RPM (ARC Driver)
|Rusty's POKEY Music|
RPM (Rusty's POKEY Music) was the name of the sound driver program and programming language that the composers at Atari Games used for their arcade and console music. The sound driver was initially coded by Russell "Rusty" Dawe, hence why his name appears in the name of the sound driver. The music had to be written in a special Music Macro Language called Music-V Language (pronounced Music 5).
Brad Fuller went into vast detail in his last interview before his death about RPM and how the sound engine worked, and the following is what Brad stated from the interview. Thanks to the efforts of Earl Vickers, Atari had struck a deal with Yamaha in being the first game company to use the YM2151. Yamaha had sent Atari documentation on how to use their new sound chip, but because it was all in Japanese, Brad had to reverse-engineer the chip himself by "poking" the registers to see what each one did. When Brad's efforts were a success, he was able to implement the chip's use into RPM in 6502 assembly machine code. Paperboy was supposed to be the first game to use the chip, but due to developmental delays, its release was pushed back, and Marble Madness ended up being the first released game to use it.
In the interview, Brad noted the arduous process of creating music; the composers first composed their music on sheet music manuscript paper. When they were finished with their composition, they would go to a VT100 connected to a DEC. Here, they would enter in all of the music data, which, as stated above, required a custom MML. When the user was finished, the code would then be compiled, which took roughly around 5 to 10 minutes. Then, the user would take the compiled code to a Whitebox development system to download the code and so they could hear their composition. If any mistakes were made by the composer inputting the wrong notation or code, they would have to go back and redo the entire process again, making for a very tedious process. Later on, Brad was able to negotiate with the higher-ups of Atari to get the sound team a PC, which made the process more efficient.
According to Fuller, sound effects were made using a special tool provided by Yamaha, and the sound effects were called "instruments". Atari would reuse some of these sound effects in many of their games, namely the credit jingle that plays when a player inserts a coin.

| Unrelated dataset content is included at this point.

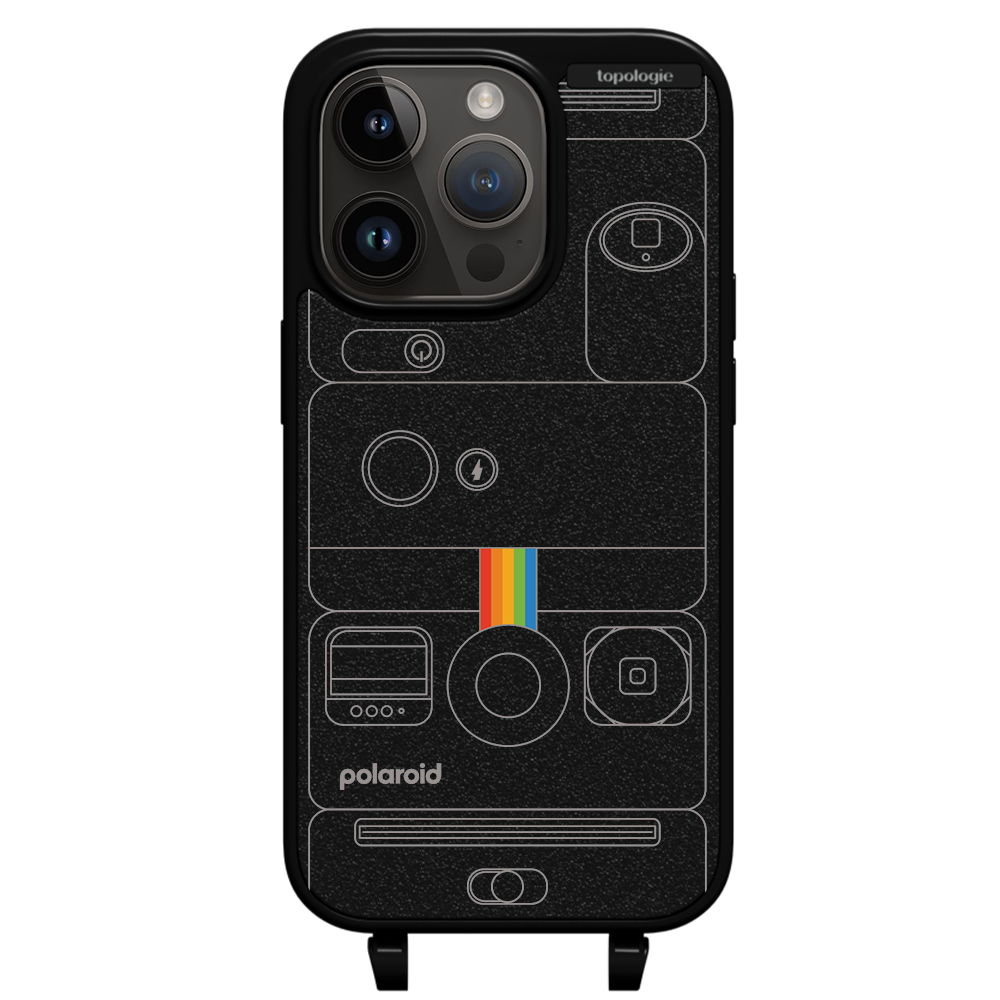 Polaroid x Topologie Bump Phone Case / Matte Black / Camera Black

When Atari started developing unlicensed Nintendo NES games under the name Tengen, they converted the whole music engine to make music for the NES. This was probably not too difficult as a process, as both utilized 6502 assembly. It is unknown who did the conversion, but it is likely it was Rusty Dawe himself, as he was credited as such in an unreleased NES version of Millipede. RPM originally used the AY-3-8910, but when Atari began using the YM2151 chip for music in their arcade games, Rusty, Dennis Harper, and Peter Lipson took the existing code and created RPM-2 which added support for the YM2151 chip so the sound quality would improve. Lisa Ching converted RPM to the Sega Genesis, but renamed it to LSD (Lisa's Sound Driver).

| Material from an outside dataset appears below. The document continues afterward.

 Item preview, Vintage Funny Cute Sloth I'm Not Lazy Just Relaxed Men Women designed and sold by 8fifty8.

According to Brad Fuller, the audio system was designed to be "interactive", in that the music would alter itself in-game depending on the situation the player was in. However, this needed to be coordinated between the composers and programmers. Brad also stated that despite a MIDI conversion tool being made for the driver, it was never used, as the composers preferred the MML data entry as to take advantage of the sound chip, as opposed to MIDI's limited capabilities.
When Atari developed the CAGE audio system, Fuller converted RPM's language to the sound driver.
The Star Wars arcade game's source code was released, and contains the driver and audio files for RPM.